__Data provided__:
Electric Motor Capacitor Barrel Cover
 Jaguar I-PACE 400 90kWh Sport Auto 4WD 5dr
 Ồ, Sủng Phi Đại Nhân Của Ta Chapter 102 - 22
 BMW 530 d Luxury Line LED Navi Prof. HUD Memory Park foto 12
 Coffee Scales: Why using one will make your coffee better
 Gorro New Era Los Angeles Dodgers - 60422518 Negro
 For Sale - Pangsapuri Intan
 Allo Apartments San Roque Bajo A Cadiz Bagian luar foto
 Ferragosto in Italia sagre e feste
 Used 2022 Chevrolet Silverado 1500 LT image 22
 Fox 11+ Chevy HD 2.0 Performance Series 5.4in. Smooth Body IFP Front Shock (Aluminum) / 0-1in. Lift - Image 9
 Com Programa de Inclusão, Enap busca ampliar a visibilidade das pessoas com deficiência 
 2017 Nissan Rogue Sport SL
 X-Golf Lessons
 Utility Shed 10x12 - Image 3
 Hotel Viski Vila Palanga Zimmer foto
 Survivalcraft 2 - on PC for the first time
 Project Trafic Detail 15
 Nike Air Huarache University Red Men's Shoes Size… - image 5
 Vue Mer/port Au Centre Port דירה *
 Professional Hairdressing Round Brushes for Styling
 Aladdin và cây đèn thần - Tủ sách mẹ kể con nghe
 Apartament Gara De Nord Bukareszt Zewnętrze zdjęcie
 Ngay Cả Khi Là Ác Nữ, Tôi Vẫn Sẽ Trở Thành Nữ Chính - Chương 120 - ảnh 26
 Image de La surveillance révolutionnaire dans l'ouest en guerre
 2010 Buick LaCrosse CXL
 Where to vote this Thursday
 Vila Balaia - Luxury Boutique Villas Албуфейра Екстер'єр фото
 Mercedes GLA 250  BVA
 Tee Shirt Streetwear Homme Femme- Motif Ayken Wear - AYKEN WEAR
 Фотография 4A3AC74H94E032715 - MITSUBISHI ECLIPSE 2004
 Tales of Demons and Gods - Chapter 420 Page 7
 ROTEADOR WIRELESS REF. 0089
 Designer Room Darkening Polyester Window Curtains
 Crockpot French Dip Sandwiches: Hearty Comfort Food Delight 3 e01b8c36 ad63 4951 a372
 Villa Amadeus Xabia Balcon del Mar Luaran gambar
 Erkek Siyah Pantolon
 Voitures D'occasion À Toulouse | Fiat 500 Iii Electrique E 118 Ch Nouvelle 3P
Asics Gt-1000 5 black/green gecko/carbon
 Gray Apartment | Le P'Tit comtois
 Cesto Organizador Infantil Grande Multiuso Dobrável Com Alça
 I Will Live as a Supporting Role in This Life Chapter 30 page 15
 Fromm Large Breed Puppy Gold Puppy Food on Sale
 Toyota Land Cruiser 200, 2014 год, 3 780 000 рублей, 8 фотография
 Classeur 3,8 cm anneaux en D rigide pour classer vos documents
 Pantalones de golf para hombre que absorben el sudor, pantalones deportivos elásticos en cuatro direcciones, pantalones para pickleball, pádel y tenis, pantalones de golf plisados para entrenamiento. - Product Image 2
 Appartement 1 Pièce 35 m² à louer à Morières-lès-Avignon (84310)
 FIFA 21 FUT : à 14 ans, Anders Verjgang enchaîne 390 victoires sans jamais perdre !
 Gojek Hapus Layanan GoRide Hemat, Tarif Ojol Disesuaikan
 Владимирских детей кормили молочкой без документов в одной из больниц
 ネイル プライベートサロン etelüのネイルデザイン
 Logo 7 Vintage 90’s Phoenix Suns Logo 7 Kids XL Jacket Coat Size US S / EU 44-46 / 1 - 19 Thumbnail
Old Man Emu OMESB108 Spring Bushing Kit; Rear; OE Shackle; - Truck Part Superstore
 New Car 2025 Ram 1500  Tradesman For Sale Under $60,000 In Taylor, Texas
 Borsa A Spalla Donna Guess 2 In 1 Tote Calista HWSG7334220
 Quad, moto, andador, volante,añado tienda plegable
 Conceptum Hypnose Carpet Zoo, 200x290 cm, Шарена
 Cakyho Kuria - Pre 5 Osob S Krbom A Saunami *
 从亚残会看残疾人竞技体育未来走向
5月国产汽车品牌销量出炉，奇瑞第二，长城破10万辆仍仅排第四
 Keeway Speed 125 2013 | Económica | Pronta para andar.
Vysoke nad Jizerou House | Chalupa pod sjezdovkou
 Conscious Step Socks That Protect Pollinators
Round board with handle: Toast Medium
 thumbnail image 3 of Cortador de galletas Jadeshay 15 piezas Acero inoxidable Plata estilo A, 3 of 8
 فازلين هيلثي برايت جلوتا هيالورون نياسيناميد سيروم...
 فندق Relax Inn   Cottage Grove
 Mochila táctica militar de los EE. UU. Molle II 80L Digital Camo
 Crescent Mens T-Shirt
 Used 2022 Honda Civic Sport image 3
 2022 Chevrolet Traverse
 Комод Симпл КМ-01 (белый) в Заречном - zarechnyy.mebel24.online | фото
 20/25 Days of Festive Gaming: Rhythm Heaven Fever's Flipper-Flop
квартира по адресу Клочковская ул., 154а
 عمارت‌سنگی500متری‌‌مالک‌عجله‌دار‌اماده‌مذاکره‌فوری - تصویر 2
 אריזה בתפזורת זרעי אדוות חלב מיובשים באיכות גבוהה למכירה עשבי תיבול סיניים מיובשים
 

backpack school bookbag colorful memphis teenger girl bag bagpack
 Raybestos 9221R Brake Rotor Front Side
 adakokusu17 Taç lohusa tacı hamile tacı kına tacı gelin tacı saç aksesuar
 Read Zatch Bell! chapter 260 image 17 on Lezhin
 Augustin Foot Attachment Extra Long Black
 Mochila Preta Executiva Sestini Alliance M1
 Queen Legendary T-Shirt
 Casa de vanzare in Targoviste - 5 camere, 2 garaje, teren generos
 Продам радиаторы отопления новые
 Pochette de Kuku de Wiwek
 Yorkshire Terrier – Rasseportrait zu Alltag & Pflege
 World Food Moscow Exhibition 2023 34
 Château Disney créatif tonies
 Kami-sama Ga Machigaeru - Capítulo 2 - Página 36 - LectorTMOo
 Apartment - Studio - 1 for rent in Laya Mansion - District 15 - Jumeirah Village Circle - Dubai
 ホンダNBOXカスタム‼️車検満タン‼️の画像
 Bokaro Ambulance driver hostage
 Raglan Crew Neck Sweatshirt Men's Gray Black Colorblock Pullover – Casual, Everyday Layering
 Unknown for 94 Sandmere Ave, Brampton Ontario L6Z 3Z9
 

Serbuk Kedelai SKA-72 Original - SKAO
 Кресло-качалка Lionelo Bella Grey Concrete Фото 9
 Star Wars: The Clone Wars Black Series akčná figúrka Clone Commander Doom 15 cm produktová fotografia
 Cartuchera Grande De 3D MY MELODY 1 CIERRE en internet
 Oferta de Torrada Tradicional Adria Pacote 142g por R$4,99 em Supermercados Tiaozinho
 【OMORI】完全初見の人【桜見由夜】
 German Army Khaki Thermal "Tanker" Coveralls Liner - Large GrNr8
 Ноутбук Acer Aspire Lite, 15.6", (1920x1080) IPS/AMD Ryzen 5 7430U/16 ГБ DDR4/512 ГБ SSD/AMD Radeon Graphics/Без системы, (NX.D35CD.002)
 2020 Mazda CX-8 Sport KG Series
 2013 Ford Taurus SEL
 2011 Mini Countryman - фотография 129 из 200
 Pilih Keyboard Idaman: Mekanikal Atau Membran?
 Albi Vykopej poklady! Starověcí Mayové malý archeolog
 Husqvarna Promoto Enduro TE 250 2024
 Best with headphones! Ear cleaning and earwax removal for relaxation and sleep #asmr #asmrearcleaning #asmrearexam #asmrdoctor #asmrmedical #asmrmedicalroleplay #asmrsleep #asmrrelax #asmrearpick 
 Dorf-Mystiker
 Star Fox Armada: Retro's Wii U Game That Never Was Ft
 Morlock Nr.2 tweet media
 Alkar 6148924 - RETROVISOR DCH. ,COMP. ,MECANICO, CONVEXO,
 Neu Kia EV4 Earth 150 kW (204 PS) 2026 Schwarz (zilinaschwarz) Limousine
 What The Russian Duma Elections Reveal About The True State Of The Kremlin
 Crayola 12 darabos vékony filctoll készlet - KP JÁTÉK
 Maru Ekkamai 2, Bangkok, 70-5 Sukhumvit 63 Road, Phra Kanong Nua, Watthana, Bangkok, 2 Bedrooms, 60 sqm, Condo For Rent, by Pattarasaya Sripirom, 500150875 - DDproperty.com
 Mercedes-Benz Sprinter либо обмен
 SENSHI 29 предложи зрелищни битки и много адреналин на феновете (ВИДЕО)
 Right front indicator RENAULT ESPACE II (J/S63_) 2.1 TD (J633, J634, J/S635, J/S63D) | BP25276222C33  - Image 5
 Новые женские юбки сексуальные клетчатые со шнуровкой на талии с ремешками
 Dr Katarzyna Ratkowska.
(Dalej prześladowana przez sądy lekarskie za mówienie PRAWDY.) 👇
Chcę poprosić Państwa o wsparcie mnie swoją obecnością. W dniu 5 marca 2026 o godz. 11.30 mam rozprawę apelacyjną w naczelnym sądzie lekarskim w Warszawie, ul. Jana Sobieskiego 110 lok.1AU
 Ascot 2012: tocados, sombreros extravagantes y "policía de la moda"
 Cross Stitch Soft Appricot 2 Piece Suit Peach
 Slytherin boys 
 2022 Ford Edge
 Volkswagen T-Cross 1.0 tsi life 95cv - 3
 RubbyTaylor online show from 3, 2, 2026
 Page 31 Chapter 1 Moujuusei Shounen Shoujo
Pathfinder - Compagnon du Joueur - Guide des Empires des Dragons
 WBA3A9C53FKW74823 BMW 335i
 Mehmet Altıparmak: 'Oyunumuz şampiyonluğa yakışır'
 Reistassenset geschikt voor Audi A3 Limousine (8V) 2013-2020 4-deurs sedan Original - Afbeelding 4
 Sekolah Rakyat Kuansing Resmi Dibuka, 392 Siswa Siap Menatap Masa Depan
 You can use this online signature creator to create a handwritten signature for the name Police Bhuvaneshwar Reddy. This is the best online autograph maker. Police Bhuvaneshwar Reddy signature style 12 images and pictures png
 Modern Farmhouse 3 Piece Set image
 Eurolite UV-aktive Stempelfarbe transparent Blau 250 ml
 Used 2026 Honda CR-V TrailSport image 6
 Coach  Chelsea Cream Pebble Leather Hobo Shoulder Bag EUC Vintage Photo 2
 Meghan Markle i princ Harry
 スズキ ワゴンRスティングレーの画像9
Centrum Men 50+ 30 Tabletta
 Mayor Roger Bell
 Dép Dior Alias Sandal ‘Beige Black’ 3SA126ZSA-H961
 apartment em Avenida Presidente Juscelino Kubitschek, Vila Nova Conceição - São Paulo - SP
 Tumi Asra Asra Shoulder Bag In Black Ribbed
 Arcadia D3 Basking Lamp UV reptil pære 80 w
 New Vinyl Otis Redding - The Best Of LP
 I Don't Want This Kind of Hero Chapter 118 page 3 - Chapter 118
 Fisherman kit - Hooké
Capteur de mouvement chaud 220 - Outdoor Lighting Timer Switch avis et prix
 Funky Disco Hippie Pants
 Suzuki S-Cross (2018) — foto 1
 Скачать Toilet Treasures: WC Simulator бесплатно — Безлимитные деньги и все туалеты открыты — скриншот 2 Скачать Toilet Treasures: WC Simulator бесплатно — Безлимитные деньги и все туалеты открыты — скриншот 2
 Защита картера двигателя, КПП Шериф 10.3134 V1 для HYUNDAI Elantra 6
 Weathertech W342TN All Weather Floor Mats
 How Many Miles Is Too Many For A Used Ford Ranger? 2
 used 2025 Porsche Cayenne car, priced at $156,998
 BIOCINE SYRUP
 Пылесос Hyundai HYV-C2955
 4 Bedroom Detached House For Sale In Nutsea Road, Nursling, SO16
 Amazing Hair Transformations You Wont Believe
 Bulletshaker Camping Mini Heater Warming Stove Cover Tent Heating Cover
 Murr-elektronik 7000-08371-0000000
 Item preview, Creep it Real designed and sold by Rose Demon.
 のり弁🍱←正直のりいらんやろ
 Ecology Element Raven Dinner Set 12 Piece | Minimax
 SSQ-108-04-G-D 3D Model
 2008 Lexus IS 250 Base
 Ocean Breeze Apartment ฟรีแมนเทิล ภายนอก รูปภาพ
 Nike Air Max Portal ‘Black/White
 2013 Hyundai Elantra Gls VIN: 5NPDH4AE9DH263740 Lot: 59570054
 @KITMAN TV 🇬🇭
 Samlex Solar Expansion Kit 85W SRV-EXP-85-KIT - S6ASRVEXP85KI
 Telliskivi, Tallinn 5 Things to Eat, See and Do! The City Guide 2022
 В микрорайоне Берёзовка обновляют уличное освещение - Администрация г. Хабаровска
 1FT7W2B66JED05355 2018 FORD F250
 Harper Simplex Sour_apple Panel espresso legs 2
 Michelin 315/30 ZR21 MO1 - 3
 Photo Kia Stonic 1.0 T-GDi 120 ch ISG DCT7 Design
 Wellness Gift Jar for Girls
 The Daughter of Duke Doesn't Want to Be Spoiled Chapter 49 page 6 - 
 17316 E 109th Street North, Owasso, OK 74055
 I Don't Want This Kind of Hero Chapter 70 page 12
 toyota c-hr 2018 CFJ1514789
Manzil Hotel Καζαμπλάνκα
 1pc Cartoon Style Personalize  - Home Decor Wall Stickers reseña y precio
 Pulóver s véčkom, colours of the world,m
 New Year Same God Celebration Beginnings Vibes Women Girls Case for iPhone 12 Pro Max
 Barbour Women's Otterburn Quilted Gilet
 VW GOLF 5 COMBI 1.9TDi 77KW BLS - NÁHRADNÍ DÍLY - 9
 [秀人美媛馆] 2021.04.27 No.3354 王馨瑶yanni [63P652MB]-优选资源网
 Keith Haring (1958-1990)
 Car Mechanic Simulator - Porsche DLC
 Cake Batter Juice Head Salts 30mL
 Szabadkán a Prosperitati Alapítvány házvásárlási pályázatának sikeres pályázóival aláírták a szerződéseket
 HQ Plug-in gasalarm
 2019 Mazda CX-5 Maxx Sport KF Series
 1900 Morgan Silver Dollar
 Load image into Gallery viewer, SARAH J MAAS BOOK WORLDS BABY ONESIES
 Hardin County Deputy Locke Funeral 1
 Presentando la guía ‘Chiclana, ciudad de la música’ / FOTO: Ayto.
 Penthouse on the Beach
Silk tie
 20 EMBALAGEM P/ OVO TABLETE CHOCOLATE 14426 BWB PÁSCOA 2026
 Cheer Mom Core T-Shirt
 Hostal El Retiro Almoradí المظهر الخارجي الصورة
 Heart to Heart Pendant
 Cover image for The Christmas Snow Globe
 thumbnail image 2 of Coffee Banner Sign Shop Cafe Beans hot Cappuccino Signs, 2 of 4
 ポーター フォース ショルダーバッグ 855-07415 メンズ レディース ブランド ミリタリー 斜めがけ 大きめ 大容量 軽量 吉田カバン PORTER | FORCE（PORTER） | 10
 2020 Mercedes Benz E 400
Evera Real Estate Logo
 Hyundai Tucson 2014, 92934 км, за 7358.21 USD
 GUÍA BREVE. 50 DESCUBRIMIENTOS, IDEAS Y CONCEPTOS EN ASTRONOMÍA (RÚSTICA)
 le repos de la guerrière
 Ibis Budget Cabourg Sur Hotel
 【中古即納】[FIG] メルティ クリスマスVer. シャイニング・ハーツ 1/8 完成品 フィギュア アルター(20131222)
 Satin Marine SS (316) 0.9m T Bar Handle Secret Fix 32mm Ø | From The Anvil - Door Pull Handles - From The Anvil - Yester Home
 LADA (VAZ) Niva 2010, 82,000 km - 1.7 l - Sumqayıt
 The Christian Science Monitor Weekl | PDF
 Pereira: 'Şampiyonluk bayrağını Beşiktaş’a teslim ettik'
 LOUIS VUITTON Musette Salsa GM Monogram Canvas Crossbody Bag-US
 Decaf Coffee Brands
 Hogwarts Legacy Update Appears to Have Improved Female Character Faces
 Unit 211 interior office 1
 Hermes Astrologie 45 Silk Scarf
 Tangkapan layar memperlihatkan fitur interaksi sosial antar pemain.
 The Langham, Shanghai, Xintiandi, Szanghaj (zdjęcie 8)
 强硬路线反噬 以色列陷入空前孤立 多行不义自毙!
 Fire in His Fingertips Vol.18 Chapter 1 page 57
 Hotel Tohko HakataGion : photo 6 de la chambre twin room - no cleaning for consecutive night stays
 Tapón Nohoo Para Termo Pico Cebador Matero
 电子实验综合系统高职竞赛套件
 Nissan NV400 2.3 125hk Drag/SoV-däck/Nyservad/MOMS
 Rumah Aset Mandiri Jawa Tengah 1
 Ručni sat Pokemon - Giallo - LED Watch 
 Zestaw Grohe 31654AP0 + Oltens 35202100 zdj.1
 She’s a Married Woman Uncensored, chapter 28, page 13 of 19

__Task item__: Reproduce only the lines from the top of the material through the one bearing "Allo Apartments San", each exactly as it stands.

__Task answer__:
Electric Motor Capacitor Barrel Cover
 Jaguar I-PACE 400 90kWh Sport Auto 4WD 5dr
 Ồ, Sủng Phi Đại Nhân Của Ta Chapter 102 - 22
 BMW 530 d Luxury Line LED Navi Prof. HUD Memory Park foto 12
 Coffee Scales: Why using one will make your coffee better
 Gorro New Era Los Angeles Dodgers - 60422518 Negro
 For Sale - Pangsapuri Intan
 Allo Apartments San Roque Bajo A Cadiz Bagian luar foto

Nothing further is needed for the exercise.